For this exercise, write each entry below out precisely and omit the pictures.
>>>>
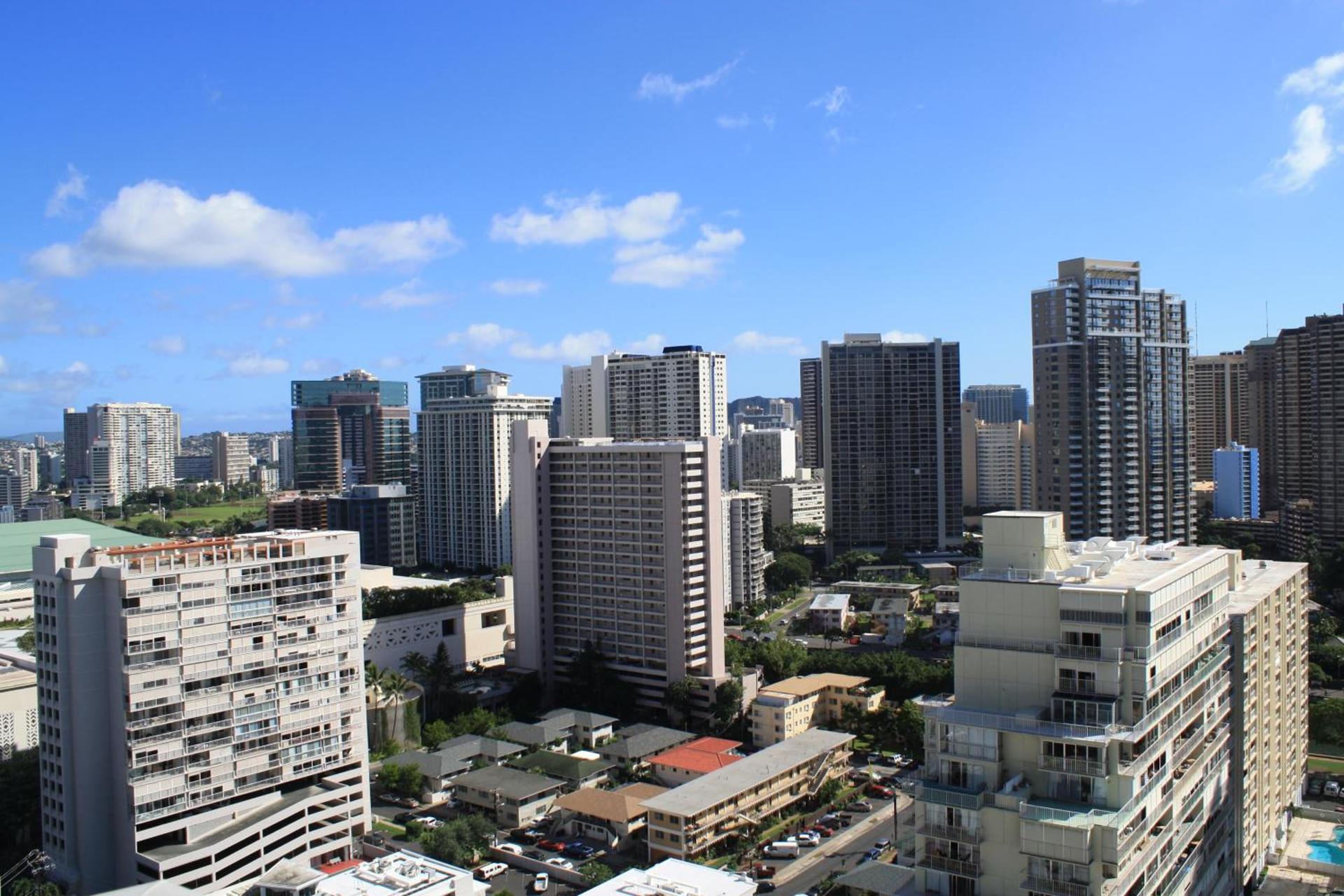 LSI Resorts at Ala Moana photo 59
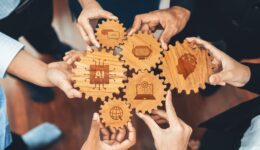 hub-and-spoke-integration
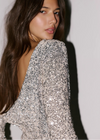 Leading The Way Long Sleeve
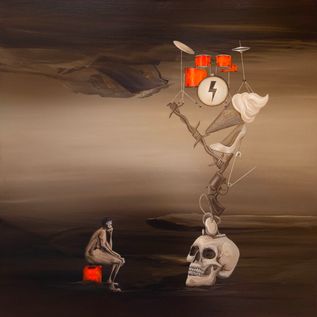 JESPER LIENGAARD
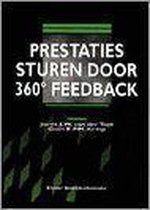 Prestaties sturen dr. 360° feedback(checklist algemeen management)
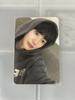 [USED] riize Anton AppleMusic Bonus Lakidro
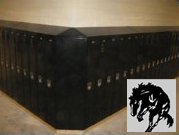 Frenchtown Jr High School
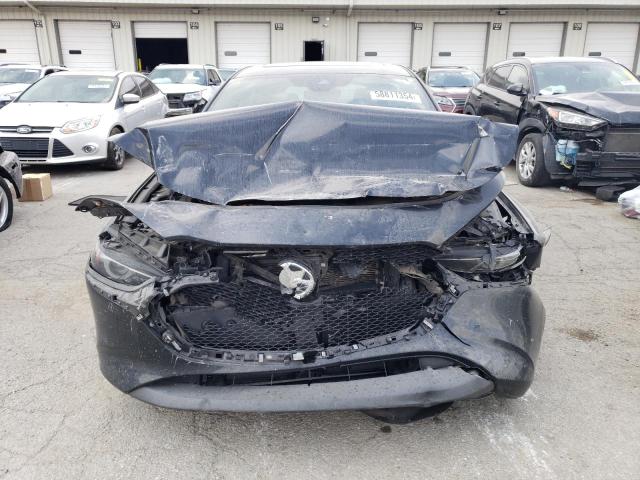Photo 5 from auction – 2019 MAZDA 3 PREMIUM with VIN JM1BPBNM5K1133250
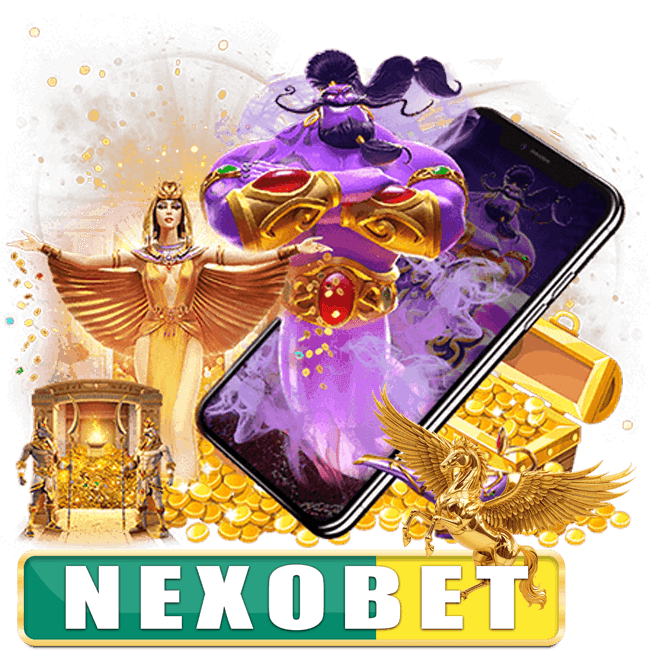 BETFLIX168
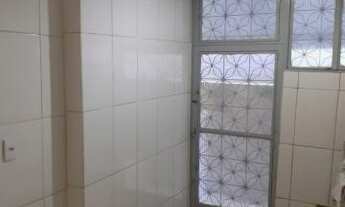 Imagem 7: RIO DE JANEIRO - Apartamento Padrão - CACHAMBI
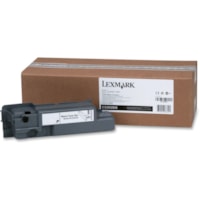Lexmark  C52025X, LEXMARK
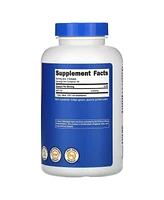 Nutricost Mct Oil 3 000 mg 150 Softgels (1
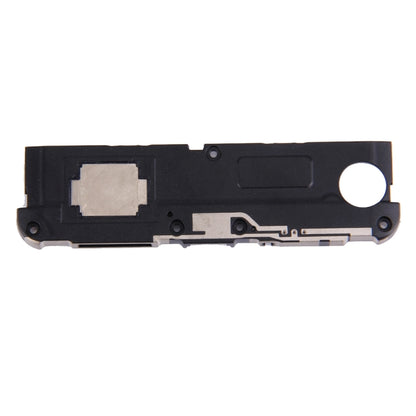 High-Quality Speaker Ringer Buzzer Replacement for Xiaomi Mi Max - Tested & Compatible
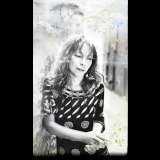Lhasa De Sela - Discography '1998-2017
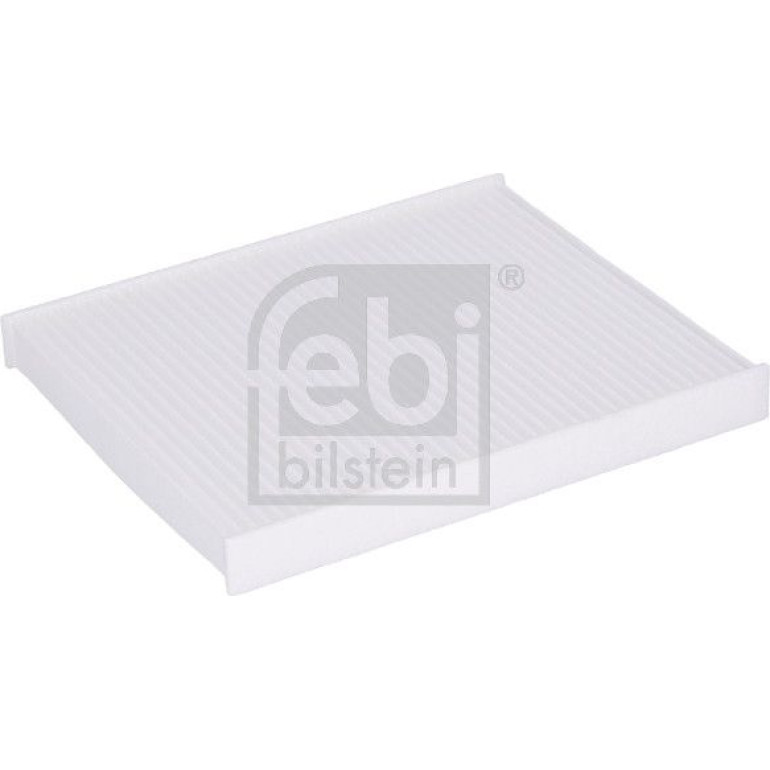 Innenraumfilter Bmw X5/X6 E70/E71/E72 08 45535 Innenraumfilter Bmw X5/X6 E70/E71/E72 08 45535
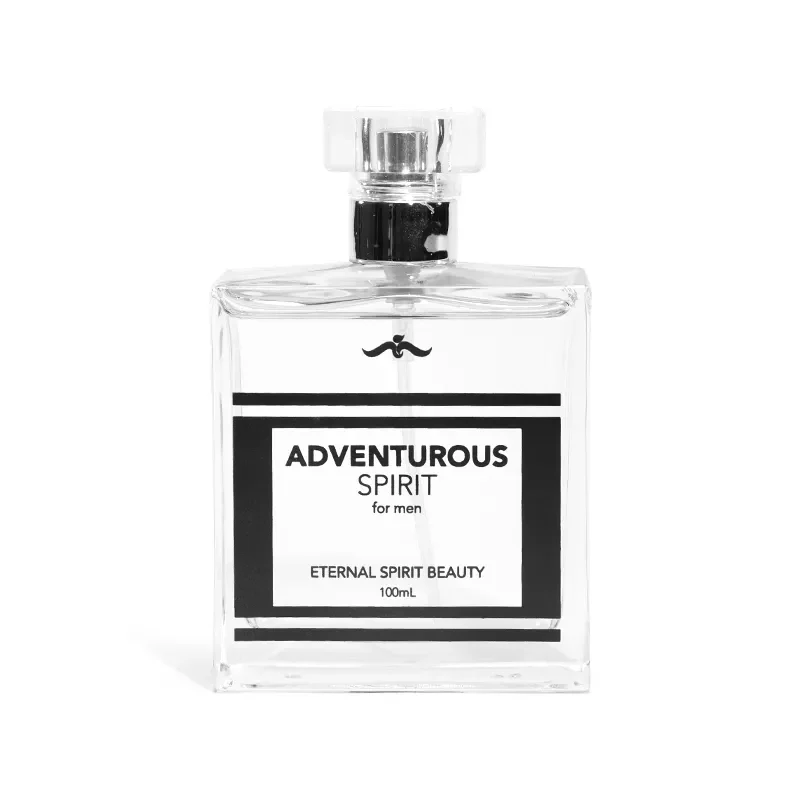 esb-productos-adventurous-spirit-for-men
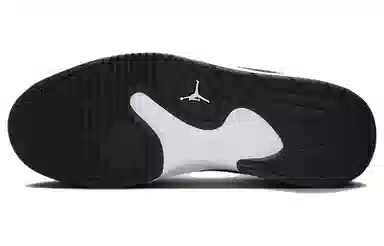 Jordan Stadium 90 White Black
<<<<
**WORKED SOLUTION**
 LSI Resorts at Ala Moana photo 59
 hub-and-spoke-integration
 Leading The Way Long Sleeve
 JESPER LIENGAARD
 Prestaties sturen dr. 360° feedback(checklist algemeen management)
 [USED] riize Anton AppleMusic Bonus Lakidro
 Frenchtown Jr High School
Photo 5 from auction – 2019 MAZDA 3 PREMIUM with VIN JM1BPBNM5K1133250
 BETFLIX168
 Imagem 7: RIO DE JANEIRO - Apartamento Padrão - CACHAMBI
Lexmark  C52025X, LEXMARK
 Nutricost Mct Oil 3 000 mg 150 Softgels (1
 High-Quality Speaker Ringer Buzzer Replacement for Xiaomi Mi Max - Tested & Compatible
Lhasa De Sela - Discography '1998-2017
 Innenraumfilter Bmw X5/X6 E70/E71/E72 08 45535 Innenraumfilter Bmw X5/X6 E70/E71/E72 08 45535
 esb-productos-adventurous-spirit-for-men
 Jordan Stadium 90 White Black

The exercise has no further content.